Perante essa situação dramática regional com vinculações econômicas e geopolíticas globais, foram feitas todas as tentativas, junto às autoridades brasileiras, para que a União cumprisse seu dever constitucional e combatesse as atividades ilegais e criminosas que estão afetando o povo Yanomami e outros povos indígenas. A pressão internacional (possível também pela visibilidade dada pela mídia) e a mobilização de organismos internacionais, como a Organização dos Estados Americanos (OEA), motivadas pela situação sofrida pelo povo Yanomami, parecem ser uma possibilidade para que algumas medidas sejam tomadas, em vista a interromper um genocídio que perdura há décadas, mas que se agravou nos últimos anos.

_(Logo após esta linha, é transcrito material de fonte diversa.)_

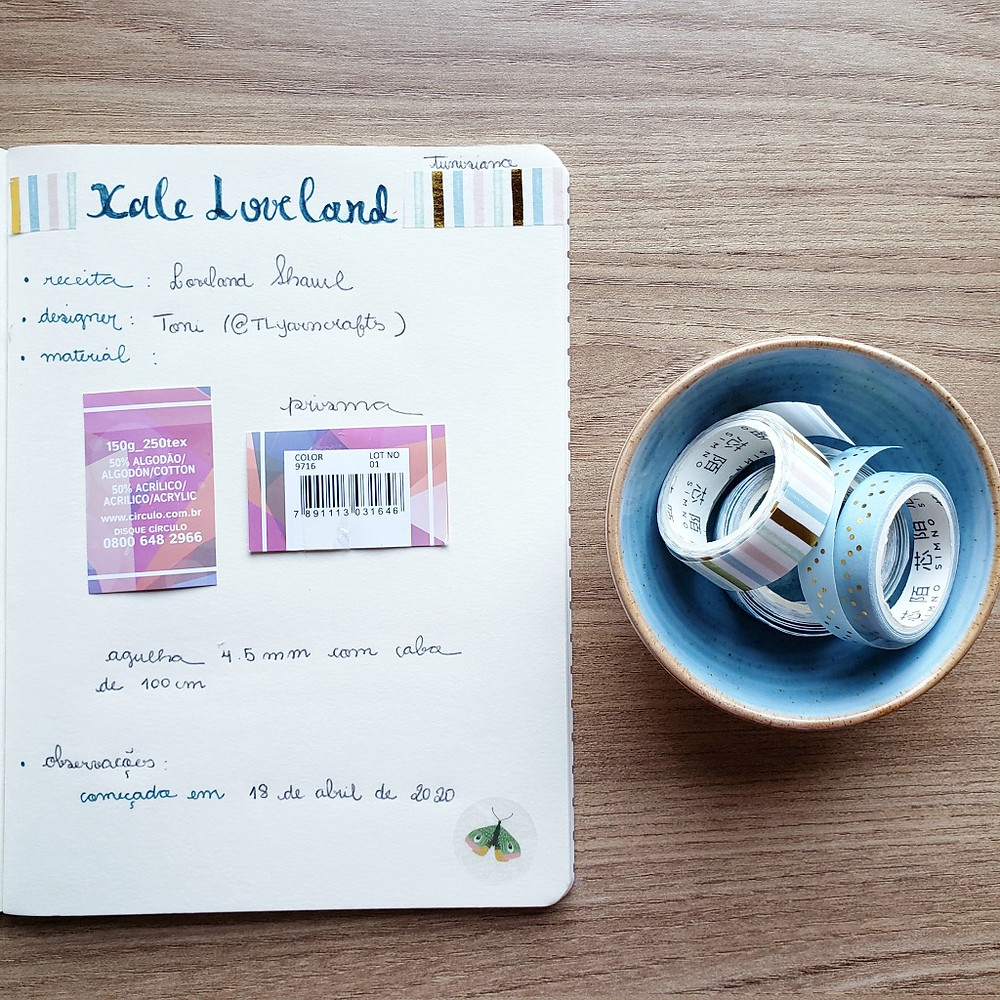 washi tapes, caderno, escrever, xale, crochê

Celebrando os 30 anos de homologação da TI Yanomami, centenas de representantes de mais de 25 comunidades Yanomami e de diversas associações indígenas, se reuniram na comunidade de Xihopi, entre os dias 22 e 26 de maio de 2022, participando do Fórum de Lideranças Yanomami e Ye´kwana. O evento celebrou uma conquista e uma luta, mas colocou a atenção na tragédia e no luto que envolvem o território indígena. Numerosos foram os testemunhos de coragem e os apelos para evitar uma catástrofe demasiadas vezes anunciada. As palavras pronunciadas por Davi Kopenawa soaram como grave alerta.

Referindo-nos apenas a uma localidade específica, podemos concluir que, até que se apurem a sequência de crimes ocorridos contra a comunidade Sanöma de Aracaça (região de Waikás, rio Uraricoera, Terra Indígena Yanomami, em Roraima), o crime de estupro e assassinato que está sendo investigado pelas autoridades competentes trouxe à tona um contexto de violência e destruição culposamente tolerado há tempo.